→ Assignment:
Please take the lines from the one holding "Efeito porcelana na" through the one holding "00-06 Mercedes-Benz S500" in the data below and copy them exactly.

>>>

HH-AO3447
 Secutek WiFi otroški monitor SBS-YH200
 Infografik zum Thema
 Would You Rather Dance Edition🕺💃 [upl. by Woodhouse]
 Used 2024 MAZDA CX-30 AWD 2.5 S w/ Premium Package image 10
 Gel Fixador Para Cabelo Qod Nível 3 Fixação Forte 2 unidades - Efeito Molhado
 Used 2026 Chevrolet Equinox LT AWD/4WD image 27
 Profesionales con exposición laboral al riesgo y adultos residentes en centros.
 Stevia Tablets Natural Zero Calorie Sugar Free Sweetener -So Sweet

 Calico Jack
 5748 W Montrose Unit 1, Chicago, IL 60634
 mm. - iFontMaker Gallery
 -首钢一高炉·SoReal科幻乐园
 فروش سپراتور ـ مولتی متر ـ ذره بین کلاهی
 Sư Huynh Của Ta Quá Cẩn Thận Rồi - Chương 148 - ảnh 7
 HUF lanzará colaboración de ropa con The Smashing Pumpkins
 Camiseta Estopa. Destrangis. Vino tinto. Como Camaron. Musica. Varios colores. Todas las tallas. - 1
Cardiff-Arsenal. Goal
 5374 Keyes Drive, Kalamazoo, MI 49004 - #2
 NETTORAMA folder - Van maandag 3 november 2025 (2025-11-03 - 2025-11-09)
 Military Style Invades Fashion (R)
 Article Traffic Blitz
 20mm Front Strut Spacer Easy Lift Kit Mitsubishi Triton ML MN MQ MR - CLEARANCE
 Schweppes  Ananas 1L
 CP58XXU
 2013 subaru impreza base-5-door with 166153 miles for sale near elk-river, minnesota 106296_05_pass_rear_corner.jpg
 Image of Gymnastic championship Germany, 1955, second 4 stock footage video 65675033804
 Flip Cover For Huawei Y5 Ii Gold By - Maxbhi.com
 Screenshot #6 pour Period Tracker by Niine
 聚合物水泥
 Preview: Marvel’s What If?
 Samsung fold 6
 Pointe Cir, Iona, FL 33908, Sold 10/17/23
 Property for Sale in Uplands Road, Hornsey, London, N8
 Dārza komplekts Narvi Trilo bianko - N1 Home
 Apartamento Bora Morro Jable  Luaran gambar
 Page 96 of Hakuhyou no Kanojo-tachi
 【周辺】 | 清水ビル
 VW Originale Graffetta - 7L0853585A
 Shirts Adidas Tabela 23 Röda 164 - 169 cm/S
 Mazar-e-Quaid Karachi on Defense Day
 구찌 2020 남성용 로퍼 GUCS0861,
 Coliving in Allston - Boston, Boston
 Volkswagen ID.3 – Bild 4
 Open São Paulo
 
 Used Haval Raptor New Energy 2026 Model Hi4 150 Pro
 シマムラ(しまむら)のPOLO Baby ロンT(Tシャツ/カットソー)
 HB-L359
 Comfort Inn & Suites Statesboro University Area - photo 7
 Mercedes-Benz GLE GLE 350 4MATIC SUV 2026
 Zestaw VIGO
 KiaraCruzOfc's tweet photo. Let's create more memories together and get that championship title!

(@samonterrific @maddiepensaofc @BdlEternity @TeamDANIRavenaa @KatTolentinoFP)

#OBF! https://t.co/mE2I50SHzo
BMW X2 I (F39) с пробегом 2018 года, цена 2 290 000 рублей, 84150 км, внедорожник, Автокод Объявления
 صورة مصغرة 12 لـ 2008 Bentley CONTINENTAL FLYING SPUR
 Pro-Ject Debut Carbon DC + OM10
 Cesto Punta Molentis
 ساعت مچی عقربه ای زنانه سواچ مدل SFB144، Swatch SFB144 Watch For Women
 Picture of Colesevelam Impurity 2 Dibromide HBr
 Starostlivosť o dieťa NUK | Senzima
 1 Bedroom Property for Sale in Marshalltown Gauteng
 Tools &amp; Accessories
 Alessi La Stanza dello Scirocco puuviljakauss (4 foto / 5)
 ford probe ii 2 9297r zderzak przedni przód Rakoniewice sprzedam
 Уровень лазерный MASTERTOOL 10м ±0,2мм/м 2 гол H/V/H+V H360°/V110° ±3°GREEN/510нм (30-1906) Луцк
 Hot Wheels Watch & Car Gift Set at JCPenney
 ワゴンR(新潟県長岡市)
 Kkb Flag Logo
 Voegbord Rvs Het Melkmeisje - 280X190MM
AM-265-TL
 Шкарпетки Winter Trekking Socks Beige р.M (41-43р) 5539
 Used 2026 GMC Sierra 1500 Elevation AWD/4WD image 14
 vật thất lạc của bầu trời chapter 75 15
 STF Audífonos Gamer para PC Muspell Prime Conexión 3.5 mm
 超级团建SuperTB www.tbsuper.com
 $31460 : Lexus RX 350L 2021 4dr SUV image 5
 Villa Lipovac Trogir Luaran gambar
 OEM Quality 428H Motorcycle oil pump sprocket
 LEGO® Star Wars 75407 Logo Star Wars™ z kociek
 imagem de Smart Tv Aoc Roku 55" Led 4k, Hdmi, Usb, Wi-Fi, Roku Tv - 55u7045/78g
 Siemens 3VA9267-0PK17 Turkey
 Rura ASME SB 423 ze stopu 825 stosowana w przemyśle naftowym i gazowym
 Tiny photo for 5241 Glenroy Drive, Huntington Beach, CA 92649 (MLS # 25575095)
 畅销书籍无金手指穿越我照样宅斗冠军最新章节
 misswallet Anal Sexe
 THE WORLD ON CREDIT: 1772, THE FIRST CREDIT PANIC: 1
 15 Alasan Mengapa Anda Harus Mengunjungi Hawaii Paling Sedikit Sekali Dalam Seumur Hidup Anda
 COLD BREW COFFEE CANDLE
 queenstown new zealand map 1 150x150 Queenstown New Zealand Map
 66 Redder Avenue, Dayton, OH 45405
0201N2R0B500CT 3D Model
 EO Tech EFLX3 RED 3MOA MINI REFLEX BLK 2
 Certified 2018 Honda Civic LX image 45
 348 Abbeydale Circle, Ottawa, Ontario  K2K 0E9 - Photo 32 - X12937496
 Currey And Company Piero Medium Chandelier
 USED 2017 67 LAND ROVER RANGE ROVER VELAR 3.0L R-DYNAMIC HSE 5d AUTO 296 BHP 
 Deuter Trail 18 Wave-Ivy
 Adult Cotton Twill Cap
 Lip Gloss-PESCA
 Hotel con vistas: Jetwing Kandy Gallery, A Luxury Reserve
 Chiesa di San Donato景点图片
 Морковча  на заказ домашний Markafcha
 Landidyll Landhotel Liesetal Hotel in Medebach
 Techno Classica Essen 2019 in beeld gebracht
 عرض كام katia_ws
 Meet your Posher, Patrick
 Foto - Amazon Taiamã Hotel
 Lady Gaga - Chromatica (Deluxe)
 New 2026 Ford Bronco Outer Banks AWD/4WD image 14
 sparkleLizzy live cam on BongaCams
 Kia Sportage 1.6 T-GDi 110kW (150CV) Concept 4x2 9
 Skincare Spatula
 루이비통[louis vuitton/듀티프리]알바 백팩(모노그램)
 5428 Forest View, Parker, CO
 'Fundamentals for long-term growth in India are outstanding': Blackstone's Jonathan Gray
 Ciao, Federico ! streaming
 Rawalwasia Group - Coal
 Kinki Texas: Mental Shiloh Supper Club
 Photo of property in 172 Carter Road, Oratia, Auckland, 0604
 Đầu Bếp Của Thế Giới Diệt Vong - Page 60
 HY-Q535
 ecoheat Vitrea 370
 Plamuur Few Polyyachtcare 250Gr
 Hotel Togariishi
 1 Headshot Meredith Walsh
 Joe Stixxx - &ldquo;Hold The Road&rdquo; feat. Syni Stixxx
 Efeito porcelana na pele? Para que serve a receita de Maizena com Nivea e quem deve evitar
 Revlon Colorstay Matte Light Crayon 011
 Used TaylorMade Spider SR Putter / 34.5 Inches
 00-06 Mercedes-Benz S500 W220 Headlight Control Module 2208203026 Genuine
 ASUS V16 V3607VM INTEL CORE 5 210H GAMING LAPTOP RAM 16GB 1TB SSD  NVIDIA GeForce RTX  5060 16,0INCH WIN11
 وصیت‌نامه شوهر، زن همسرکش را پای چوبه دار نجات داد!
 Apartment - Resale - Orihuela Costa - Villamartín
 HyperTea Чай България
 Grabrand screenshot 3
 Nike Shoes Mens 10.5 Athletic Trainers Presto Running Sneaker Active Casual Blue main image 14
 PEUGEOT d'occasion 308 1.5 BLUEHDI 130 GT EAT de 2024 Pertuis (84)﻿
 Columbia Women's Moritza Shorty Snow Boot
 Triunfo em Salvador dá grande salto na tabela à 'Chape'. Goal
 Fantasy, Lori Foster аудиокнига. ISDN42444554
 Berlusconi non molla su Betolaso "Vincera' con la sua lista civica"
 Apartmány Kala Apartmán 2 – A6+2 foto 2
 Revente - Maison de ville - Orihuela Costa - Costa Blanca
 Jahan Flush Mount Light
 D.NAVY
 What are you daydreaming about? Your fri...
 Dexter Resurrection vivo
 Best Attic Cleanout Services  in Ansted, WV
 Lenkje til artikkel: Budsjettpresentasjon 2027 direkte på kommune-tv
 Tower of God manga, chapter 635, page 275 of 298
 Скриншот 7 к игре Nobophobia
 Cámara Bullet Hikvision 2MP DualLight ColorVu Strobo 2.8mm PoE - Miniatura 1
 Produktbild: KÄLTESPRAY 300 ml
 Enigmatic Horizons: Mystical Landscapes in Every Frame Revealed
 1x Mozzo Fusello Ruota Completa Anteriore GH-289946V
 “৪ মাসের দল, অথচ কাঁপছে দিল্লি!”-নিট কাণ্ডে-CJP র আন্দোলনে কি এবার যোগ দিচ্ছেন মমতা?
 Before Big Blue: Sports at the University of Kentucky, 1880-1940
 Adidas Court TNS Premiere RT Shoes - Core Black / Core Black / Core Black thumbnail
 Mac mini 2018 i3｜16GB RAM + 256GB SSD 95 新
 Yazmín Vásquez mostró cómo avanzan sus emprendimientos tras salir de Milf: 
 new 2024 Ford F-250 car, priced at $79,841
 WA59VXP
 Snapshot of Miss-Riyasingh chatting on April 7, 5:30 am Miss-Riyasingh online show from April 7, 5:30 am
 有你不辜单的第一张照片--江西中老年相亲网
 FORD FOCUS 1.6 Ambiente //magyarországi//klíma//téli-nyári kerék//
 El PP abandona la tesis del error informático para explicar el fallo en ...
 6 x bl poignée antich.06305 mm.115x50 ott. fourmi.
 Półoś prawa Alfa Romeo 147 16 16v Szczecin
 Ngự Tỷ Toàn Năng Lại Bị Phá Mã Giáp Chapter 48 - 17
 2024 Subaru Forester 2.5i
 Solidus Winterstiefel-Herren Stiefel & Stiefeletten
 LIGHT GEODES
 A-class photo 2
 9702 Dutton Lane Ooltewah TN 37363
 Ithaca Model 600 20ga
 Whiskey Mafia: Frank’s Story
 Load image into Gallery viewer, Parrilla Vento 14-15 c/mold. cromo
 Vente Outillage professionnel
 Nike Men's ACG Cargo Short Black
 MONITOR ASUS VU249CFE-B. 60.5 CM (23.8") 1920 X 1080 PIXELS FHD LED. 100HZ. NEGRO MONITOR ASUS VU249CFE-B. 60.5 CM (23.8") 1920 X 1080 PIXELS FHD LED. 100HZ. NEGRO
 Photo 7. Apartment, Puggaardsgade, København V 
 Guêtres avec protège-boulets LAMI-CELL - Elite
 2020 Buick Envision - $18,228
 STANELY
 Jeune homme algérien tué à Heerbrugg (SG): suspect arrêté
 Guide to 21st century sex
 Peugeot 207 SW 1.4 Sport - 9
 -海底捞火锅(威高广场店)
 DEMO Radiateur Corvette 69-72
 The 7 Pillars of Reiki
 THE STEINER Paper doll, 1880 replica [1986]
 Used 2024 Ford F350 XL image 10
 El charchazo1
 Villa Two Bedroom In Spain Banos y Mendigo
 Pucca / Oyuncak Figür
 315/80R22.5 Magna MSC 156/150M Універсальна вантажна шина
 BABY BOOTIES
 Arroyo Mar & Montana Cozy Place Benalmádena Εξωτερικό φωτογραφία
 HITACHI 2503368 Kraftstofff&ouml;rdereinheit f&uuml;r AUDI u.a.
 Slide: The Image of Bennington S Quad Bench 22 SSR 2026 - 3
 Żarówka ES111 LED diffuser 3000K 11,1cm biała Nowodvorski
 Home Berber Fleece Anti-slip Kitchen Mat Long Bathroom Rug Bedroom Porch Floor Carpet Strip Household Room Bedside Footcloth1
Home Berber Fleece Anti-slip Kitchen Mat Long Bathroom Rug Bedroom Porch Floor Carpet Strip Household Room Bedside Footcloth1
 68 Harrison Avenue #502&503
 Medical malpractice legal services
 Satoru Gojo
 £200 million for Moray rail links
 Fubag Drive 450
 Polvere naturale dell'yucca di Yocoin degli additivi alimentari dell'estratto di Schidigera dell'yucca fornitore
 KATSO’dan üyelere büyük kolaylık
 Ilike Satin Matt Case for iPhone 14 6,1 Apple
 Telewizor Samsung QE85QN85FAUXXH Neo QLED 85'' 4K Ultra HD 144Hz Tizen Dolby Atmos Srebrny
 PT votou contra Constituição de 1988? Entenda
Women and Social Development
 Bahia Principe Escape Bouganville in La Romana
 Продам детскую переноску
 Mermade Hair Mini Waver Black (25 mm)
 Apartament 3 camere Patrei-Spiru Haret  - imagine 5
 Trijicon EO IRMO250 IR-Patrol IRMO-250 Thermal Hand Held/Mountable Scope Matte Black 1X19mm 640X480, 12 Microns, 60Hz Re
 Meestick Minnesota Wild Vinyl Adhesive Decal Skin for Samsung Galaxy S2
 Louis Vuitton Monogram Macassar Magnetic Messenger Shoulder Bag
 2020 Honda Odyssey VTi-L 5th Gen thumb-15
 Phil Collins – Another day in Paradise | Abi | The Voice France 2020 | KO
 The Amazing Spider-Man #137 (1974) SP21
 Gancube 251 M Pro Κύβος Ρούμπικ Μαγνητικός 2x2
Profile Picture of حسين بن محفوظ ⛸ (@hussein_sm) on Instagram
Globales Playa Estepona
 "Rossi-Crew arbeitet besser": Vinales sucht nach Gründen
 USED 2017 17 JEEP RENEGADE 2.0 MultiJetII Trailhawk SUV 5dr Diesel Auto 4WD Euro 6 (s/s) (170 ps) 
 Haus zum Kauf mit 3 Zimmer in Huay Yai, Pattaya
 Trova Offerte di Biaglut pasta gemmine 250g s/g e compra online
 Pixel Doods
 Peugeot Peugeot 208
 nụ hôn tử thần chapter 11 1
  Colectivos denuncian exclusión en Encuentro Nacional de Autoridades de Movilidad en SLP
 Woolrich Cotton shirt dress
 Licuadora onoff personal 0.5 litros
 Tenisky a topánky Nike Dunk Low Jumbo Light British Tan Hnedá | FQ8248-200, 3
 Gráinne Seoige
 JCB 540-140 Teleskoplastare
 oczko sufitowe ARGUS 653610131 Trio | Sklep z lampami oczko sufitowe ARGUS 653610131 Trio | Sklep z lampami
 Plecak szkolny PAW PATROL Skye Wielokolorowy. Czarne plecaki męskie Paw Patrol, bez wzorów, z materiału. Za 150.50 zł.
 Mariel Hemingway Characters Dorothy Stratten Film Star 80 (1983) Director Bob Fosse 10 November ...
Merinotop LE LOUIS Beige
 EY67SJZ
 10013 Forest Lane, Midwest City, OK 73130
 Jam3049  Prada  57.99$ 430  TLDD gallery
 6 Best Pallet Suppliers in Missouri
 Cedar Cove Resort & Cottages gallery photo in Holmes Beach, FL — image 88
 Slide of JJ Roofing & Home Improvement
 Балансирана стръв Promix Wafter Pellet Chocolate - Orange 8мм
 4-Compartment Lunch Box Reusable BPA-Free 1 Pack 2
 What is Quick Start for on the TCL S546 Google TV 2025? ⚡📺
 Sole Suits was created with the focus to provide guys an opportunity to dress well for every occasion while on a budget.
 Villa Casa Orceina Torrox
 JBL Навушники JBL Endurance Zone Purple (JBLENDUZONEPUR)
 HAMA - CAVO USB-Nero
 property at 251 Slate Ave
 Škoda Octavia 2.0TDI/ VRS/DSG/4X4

<<<

→ Task solution:
 Efeito porcelana na pele? Para que serve a receita de Maizena com Nivea e quem deve evitar
 Revlon Colorstay Matte Light Crayon 011
 Used TaylorMade Spider SR Putter / 34.5 Inches
 00-06 Mercedes-Benz S500 W220 Headlight Control Module 2208203026 Genuine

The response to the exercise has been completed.